Editor’s Note: During a Center for International Governance Innovation (CIGI) Signature Lecture, Bruce Riedel answers questions by the audience, via moderator Janet Lang, on U.S. foreign policy in the Middle East.

Watch the video at

and read an excerpt below.

Janet Lang: Do you think Israel would use nuclear weapons? Part two: you commented that, in your view, Iran is not a suicidal state. What about Israel?

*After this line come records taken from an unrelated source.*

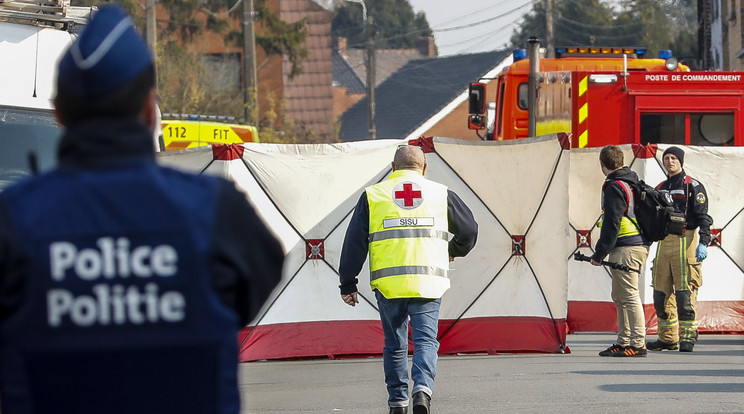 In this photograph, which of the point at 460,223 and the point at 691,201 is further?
the point at 691,201

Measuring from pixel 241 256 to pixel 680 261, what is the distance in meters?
9.27

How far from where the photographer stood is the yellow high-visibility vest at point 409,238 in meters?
7.67

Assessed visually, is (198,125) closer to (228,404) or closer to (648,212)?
(648,212)

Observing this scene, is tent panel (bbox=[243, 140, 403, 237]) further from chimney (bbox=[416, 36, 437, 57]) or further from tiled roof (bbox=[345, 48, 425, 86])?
chimney (bbox=[416, 36, 437, 57])

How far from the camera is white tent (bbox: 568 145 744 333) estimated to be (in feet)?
43.2

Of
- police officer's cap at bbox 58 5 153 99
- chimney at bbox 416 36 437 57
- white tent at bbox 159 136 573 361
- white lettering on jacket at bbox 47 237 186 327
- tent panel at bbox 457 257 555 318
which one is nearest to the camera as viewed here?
white lettering on jacket at bbox 47 237 186 327

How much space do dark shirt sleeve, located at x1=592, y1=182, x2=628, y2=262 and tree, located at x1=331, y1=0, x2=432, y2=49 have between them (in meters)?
76.3

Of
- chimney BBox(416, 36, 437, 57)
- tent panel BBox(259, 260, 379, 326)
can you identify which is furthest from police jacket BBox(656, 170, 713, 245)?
chimney BBox(416, 36, 437, 57)

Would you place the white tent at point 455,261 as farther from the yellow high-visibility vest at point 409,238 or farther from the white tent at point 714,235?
the yellow high-visibility vest at point 409,238

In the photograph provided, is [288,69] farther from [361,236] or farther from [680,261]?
[361,236]

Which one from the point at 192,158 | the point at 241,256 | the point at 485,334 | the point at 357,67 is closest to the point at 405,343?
the point at 485,334

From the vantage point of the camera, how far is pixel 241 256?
2867 mm

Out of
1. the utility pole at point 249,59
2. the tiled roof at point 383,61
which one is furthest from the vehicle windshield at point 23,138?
the tiled roof at point 383,61

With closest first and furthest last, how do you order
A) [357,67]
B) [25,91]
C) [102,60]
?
[102,60] < [25,91] < [357,67] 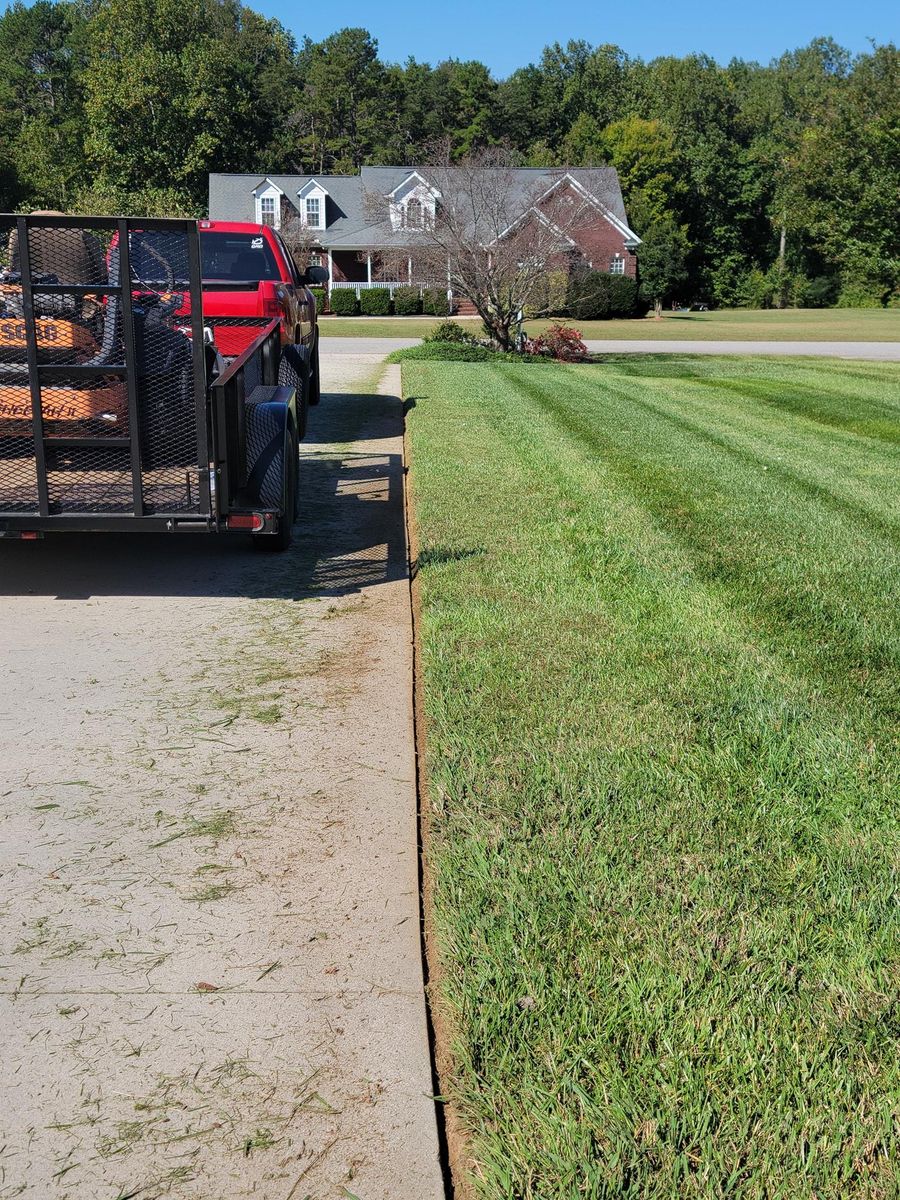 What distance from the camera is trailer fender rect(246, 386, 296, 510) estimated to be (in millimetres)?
6801

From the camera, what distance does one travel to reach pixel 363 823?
13.2 feet

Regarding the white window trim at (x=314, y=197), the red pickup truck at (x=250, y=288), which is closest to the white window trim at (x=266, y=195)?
the white window trim at (x=314, y=197)

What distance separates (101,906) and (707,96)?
92415 mm

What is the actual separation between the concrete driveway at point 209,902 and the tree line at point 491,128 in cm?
4546

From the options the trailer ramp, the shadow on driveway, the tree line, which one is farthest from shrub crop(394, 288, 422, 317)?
Answer: the trailer ramp

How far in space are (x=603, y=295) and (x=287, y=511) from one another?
43.9 m

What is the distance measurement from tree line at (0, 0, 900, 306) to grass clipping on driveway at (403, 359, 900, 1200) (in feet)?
148

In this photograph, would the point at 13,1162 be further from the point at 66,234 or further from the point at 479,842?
the point at 66,234

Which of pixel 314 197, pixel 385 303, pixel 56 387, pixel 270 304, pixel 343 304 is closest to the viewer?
pixel 56 387

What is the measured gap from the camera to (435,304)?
4991 centimetres

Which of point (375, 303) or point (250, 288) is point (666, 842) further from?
point (375, 303)

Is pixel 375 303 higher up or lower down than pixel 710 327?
higher up

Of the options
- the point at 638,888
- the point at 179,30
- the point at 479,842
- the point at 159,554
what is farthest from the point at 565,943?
the point at 179,30

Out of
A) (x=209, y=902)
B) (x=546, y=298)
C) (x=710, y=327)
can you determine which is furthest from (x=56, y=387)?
(x=710, y=327) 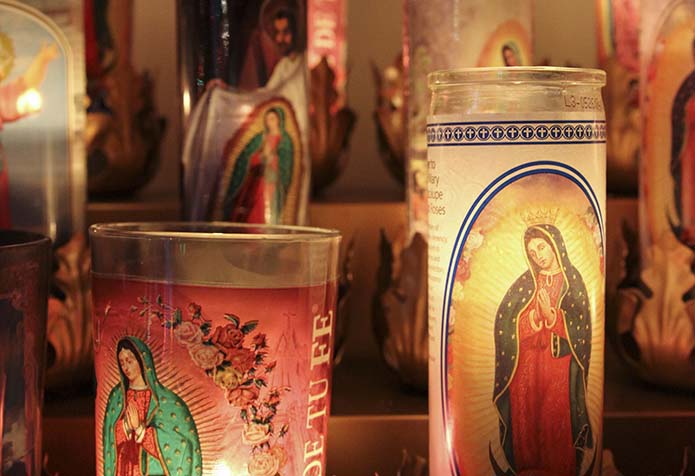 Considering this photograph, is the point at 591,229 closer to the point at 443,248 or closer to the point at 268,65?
the point at 443,248

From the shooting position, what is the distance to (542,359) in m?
0.54

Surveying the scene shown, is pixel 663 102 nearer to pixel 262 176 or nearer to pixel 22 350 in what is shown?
pixel 262 176

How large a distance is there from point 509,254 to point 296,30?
0.27 metres

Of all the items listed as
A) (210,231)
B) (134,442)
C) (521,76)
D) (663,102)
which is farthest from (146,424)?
(663,102)

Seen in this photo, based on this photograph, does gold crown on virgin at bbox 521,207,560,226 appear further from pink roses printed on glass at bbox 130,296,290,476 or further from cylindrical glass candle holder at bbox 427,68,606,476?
pink roses printed on glass at bbox 130,296,290,476

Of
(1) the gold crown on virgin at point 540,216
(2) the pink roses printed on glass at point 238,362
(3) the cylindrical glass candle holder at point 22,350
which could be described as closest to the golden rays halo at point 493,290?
(1) the gold crown on virgin at point 540,216

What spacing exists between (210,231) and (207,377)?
0.14 meters

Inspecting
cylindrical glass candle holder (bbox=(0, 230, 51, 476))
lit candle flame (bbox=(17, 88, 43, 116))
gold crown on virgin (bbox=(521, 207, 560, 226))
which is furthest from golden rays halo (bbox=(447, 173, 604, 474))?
lit candle flame (bbox=(17, 88, 43, 116))

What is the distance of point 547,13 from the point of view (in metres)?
0.95

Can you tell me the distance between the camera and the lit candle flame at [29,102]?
0.69 meters

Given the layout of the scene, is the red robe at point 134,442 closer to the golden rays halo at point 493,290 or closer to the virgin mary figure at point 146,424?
the virgin mary figure at point 146,424

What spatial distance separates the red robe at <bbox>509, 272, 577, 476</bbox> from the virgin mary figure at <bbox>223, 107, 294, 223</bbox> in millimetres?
235

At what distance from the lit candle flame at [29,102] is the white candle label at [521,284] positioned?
307 millimetres

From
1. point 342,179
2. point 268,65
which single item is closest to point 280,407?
point 268,65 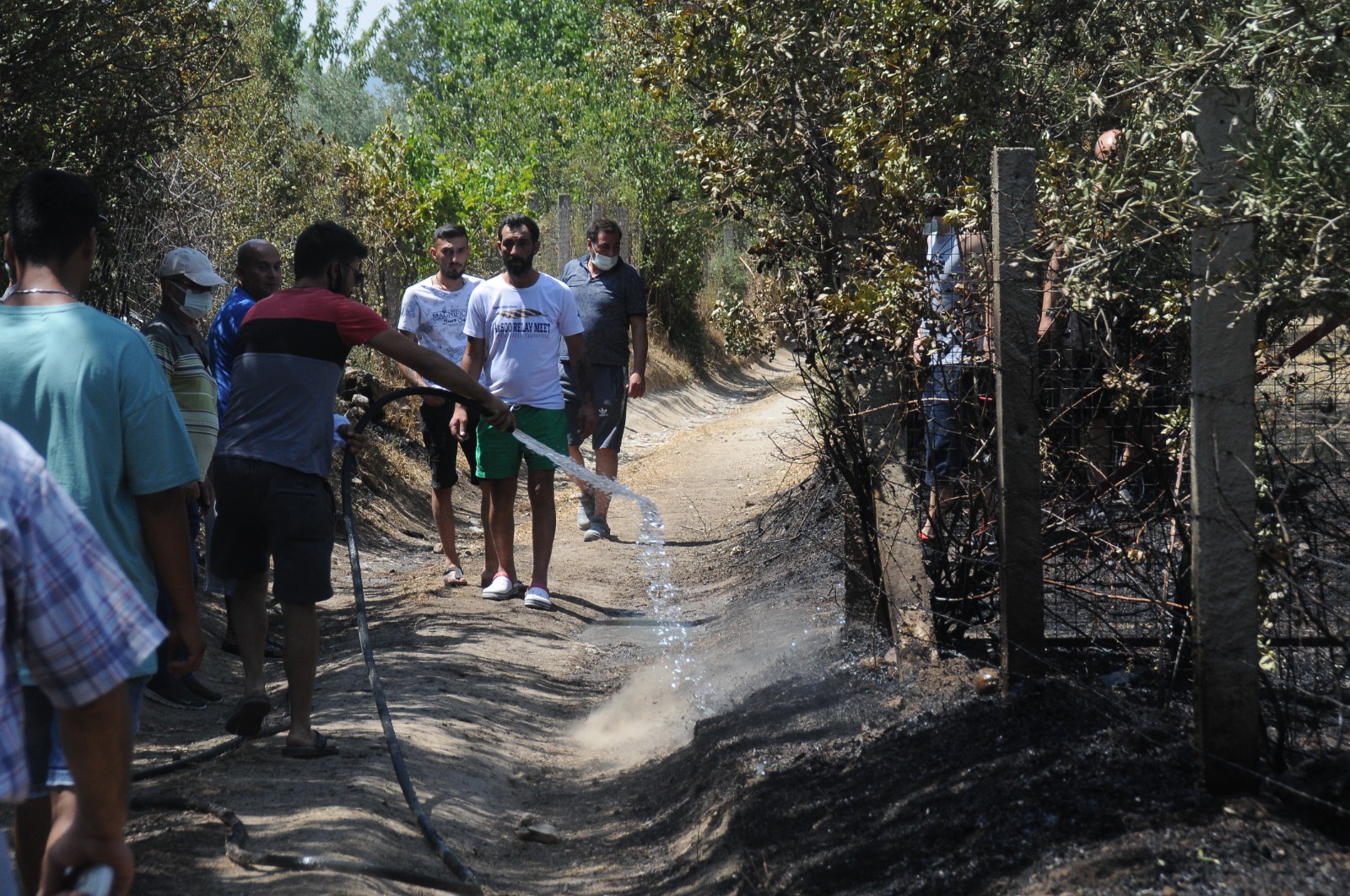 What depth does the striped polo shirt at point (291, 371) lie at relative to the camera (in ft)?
15.1

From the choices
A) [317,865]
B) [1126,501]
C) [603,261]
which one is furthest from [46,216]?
[603,261]

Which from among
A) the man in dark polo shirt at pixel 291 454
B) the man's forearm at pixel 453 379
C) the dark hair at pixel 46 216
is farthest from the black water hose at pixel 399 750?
the dark hair at pixel 46 216

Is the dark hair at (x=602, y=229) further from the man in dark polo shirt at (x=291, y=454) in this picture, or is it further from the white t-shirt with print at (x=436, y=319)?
the man in dark polo shirt at (x=291, y=454)

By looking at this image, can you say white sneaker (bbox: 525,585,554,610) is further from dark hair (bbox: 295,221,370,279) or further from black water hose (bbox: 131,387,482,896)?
dark hair (bbox: 295,221,370,279)

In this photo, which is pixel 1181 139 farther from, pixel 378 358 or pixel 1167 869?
pixel 378 358

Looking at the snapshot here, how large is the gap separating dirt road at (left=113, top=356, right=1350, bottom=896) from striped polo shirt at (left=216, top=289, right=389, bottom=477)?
114 centimetres

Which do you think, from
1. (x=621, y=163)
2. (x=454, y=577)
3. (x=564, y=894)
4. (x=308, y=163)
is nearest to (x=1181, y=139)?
(x=564, y=894)

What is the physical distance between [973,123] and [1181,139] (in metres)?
2.36

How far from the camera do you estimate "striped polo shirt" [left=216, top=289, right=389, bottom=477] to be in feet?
15.1

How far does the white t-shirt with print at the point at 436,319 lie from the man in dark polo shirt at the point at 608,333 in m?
1.28

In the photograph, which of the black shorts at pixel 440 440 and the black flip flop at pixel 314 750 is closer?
the black flip flop at pixel 314 750

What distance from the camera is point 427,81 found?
200 feet

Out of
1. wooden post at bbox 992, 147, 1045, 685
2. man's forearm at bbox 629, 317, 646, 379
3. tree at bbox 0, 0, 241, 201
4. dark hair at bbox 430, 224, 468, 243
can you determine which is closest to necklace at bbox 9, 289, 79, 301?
wooden post at bbox 992, 147, 1045, 685

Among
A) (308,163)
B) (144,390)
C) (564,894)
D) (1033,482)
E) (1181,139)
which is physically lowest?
(564,894) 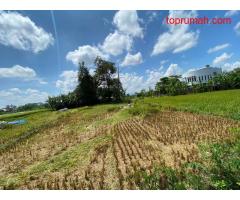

Bruce Riedel: You seem determined to get me in trouble right from the beginning. No, I don’t think Israel is a suicidal state at all. I think Israel is a very rational acting state. That doesn’t mean that all of its decisions are the right decisions. I put it to you in a slightly different way: Israel is a nuclear weapon state. It doesn’t admit that, the U.S. government doesn’t admit that, the whole world kind of pretends that’s not the case, but we all know it’s true. Israel is the only nuclear weapon state in the greater Middle East. Unless you count Pakistan, but I wouldn’t count Pakistan on this. It therefore has a monopoly on nuclear weapons. And let’s be honest: every country that has enemies, and almost every country that doesn’t have enemies that has nuclear weapons, would like to have a monopoly. The United States would have loved to have kept its monopoly on nuclear weapons. And if we could have figured out a way to keep Stalin from getting them, we would have. Stalin didn’t want communist China to get nuclear weapons, and neither did his successors. And the soviets seriously considered military force against the Chinese. So, wanting to maintain a monopoly on nuclear weapons is not an insane policy; it’s an understandable policy.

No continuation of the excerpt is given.